Vu la procédure suivante :
Procédure contentieuse antérieure :
Le maire de la commune de Mantes-la-Jolie a, par une requête et un mémoire, enregistrés le 23 mai et le 18 juin 2024, demandé au tribunal administratif de Versailles de déclarer M. Daff démissionnaire d'office de ses fonctions de conseiller municipal.
Par un jugement n° 2404330 du 21 juin 2024 le tribunal administratif de Versailles a déclaré M. A... D... E... démissionnaire d'office du conseil municipal de Mantes-la-Jolie.

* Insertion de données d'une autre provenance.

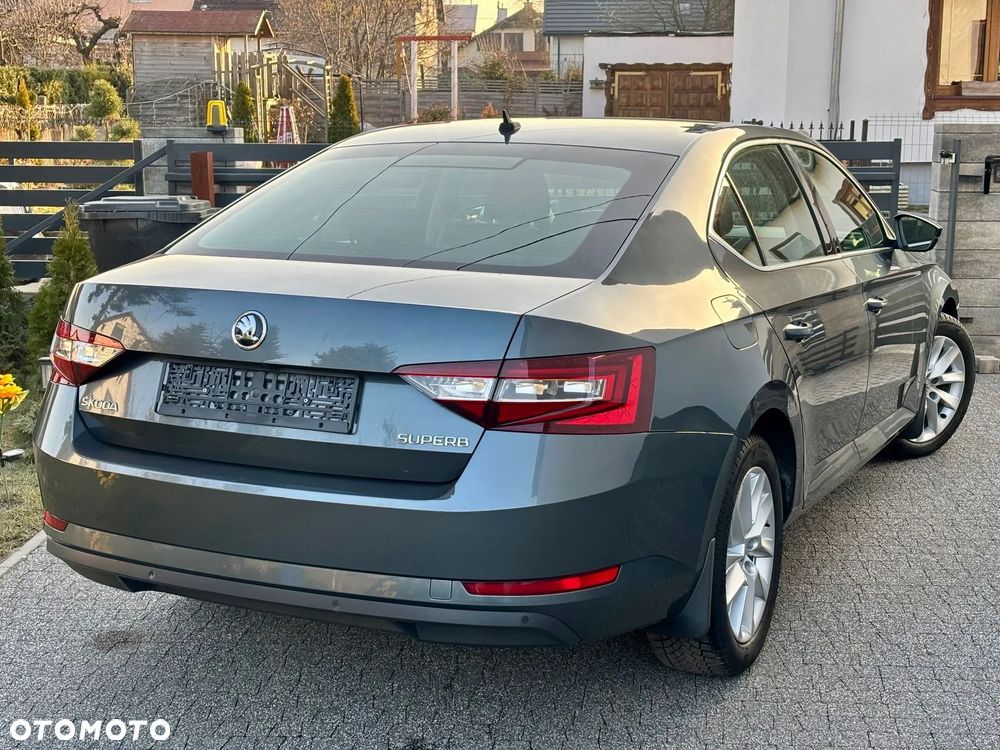 Skoda Superb 2.0 TDI DSG Premium Edition - 4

Procédure devant la cour :
Par une requête, enregistrée le 19 juillet 2024, M. Daff, représenté par Me Blanchetier, avocat, demande à la cour :
1°) d'annuler ce jugement ;
2°) de rejeter la demande du maire de Mantes-la-Jolie ;
3°) et de mettre à la charge de la commune de Mantes-la-Jolie la somme de 1 800 euros à lui verser titre de l'article L. 761-1 du code de justice administrative.
Il soutient que :
- il n'a pas expressément été désigné comme président ou assesseur d'un bureau de vote ;
- il n'a pas reçu l'avertissement prévu à l'article L. 2121-5 du code général des collectivités territoriales, les courriers adressés n'évoquant pas les sanctions applicables ;
- il justifie de deux excuses valables ;
- la sanction qui lui a été infligée est entachée d'un détournement de pouvoir.
Par un mémoire en intervention, enregistré le 5 août 2024, le maire de la commune de Mantes-la-Jolie, représenté par Me Bouvier, avocat, conclut à la recevabilité de son intervention et au rejet de la requête.

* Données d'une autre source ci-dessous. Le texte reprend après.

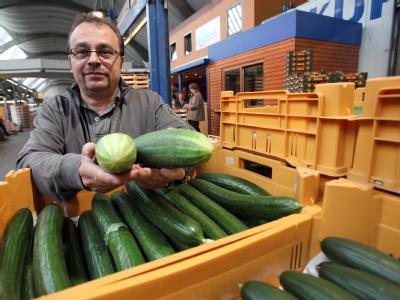 Gemüsehändler Jens Kupka auf dem Großmarkt Hamburg mit unverkauften Gurken aus regionalem Anbau. Hamburger Großmarkt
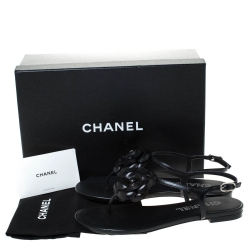 Pre Owned Chanel Black Leather CC Camellia Flat Thong Sandals Size 38.5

Il soutient que son intervention est recevable et que les moyens soulevés par l'appelant ne sont pas fondés.
Par un mémoire, enregistré le 27 août 2024, le ministre de l'intérieur et des outre-mer précise qu'il s'en remet à la sagesse de la cour et aux observations produites par le maire de la commune qu'il entend ainsi régulariser.
Vu les autres pièces du dossier.
Vu :
- le code électoral ;
- le code général des collectivités territoriales ;
- le code de justice administrative.
Les parties ont été régulièrement averties du jour de l'audience.
Ont été entendus au cours de l'audience publique :
- le rapport de M. Even, président-rapporteur,
- les conclusions de M. Frémont, rapporteur public,
- et les observations de Me Blanchetier pour M. Daff.
Considérant ce qui suit :
1. Le tribunal administratif de Versailles a, sur demande de M. C... B..., maire de la commune de Mantes-la-Jolie, déclaré M. Daff démissionnaire d'office du conseil municipal de cette commune au motif qu'il a refusé, sans excuse valable, de remplir les fonctions d'assesseur d'un bureau de vote de la commune pour le scrutin des élections européennes le 9 juin 2024.
Sur l'intervention du maire de la commune de Mantes-la-Jolie :
2. Lorsqu'il saisit le tribunal administratif d'une demande de démission d'office d'un membre du conseil municipal, le maire d'une commune agit en tant qu'autorité de l'Etat. Seul le ministre de l'intérieur a ainsi qualité pour représenter l'Etat dans la présente instance d'appel. Par suite, le mémoire présenté devant la cour par le maire de la commune de Mantes-la-Jolie doit être regardé comme constituant un mémoire en intervention présenté à l'appui des conclusions du ministre. Le ministre de l'intérieur a produit un mémoire en appel précisant qu'il s'en remet à la sagesse de la cour et aux observations produites par le maire de la commune qu'il entend ainsi régulariser. Par suite, l'intervention du maire de la commune de Mantes-la-Jolie doit être admise.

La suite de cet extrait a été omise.